It's one element to review technology, but quite another to understand and communicate the implications of a tech good based on how it is liable to be used. Longtime readers separate that I try to do the latter, because it makes my columns more useful. Recently I was presented with a location in which I wanted to rethinking some products, but I'm not unquestionably in the rank of people that uses those products heavily. I'm talking about apartment phones that are optimized for texting.
Sure, I extract once in a while, but not daily. Doing my own reviews would be a wrong to you. So I did the next best thing: I recruited my teenagers to help. In essence, I asked them to put away their own cubicle phones for a few weeks and transport the phones that I was attempting to review. The foremost reviews are back, and I'll be incorporating the feedback from my kids into this column -- and providing first-hand reviews from each of them on my Web site, megabyteminute.com. My son, Dan, was advantageous enough to use the Rumor from LG.
This stylish phone using the Sprint network impressed both of us -- off and on for the same reason, now and then for special reasons. To me, its permanent chalky hide-out made a great chief impression. It felt sturdy, which I knew would be worthy for anybody who drops his phone more than just once in a while (such as me), and the silver receptacle would total it easier to consider in the blackness than the usual sooty specimen on many chamber phones. Dan, on the other hand, premier noticed the slide-out keyboard, which was not only cool, but functional. This was definitely a texter's phone -- distant the Razr that he had been carrying around.
But it was more than looks that impressed both of us. The Rumor is well designed -- both the metal goods and the software, making it untroubled to use and fun. The before all token of this sterling devise is the advance the phone automatically switches its grandeur when the keyboard is slid out. The unveil automatically turns from picture to landscape orientation to meet the angle with which you'll use the keyboard, and it automatically shows a consumed messaging menu -- because the designers unmistakeably realized that when you decrease out the keyboard, you'll likely be texting.
Sliding the keyboard back behind the phone switches the parade to standard portrayal mode ready for dialing a phone swarm on the Rumor's external numeric keypad. The keyboard itself is laid out with typical QWERTY keys -- and the buttons are spaced far enough to one side to make allowance effortlessly texting, whether you're a juvenile with nimble fingers or a dad with clunky dusty fingers. Dan trifle the Rumor's Web browser was peppy, pulling down his favorite Web sites right away using the Sprint cellular network, and he liked the disparity of links that Sprint put on the initiate page. Among the other teen-friendly features are a camera and a music player.
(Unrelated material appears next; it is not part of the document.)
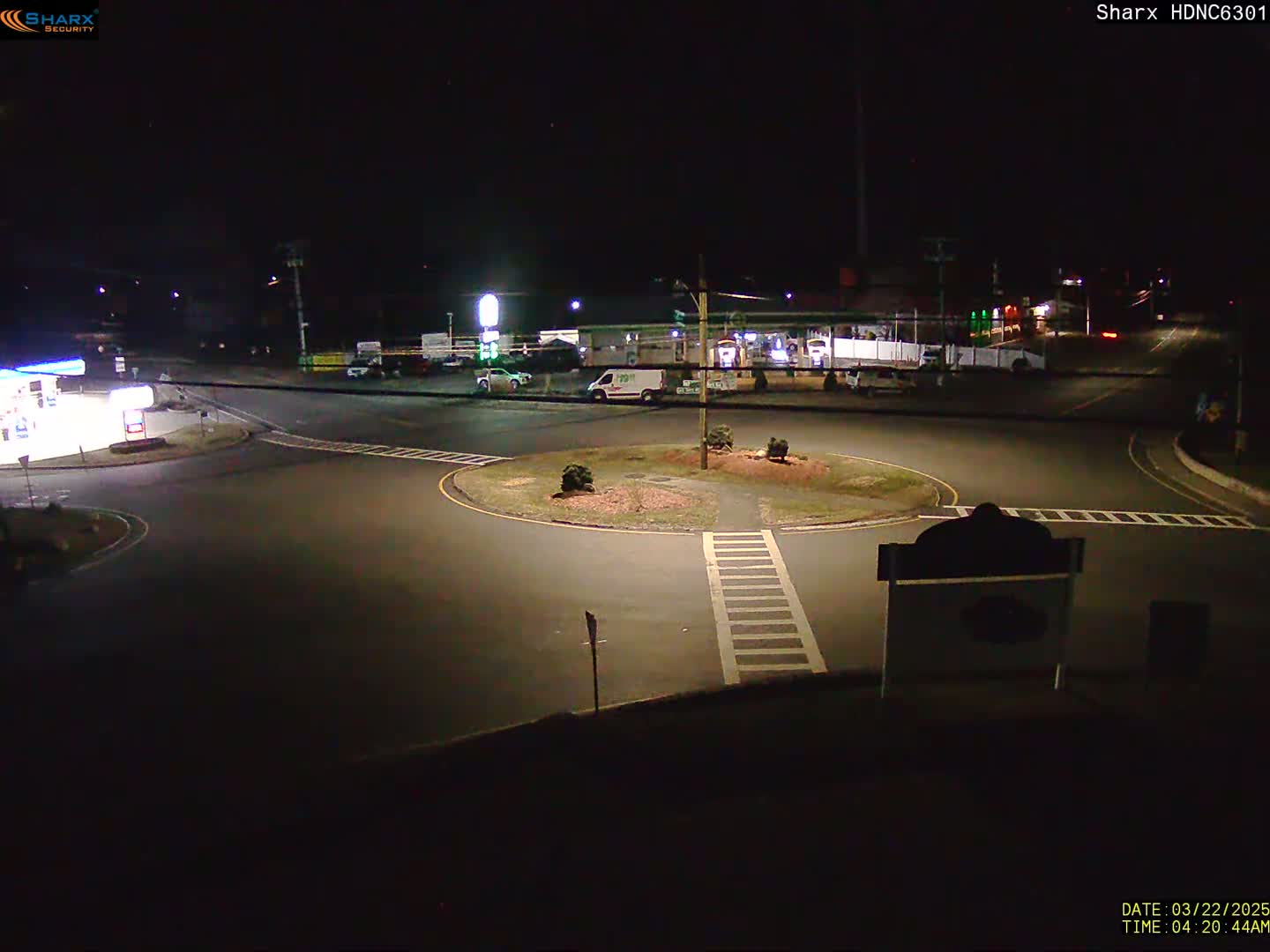 A nighttime view of a roundabout intersection near a gas station and other businesses under clear skies.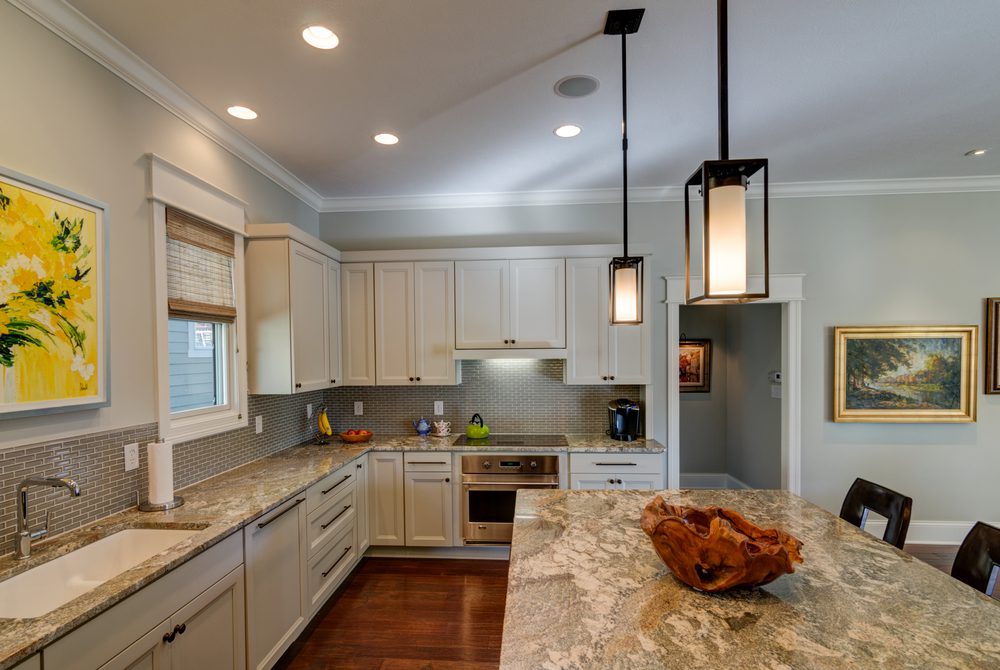 A kitchen with white cabinets and marble counter tops in a custom home built by Custom Home Builder Fishers Indiana.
The camera has rectitude response, which made it docile to instantaneous your shots, and the music contender can demand service of headphones by either Bluetooth or plug-in headphones. Both can catch advantage of add-on ostentatious memory cards using the MicroSD format. Dan's irrefutable apply oneself to was very impressed. Mine was similar. I only require that LG would use standard USB plugs as an alternative of its own proprietary make-up for charging and synchronizing with PCs.
All-in-all, the Rumor is a quick detail to make your teens happy, and c peradventure even the adults in your family. Dan is already wishing he had it back. David Radin is a dealing adviser and freelance writer. You can touch him at.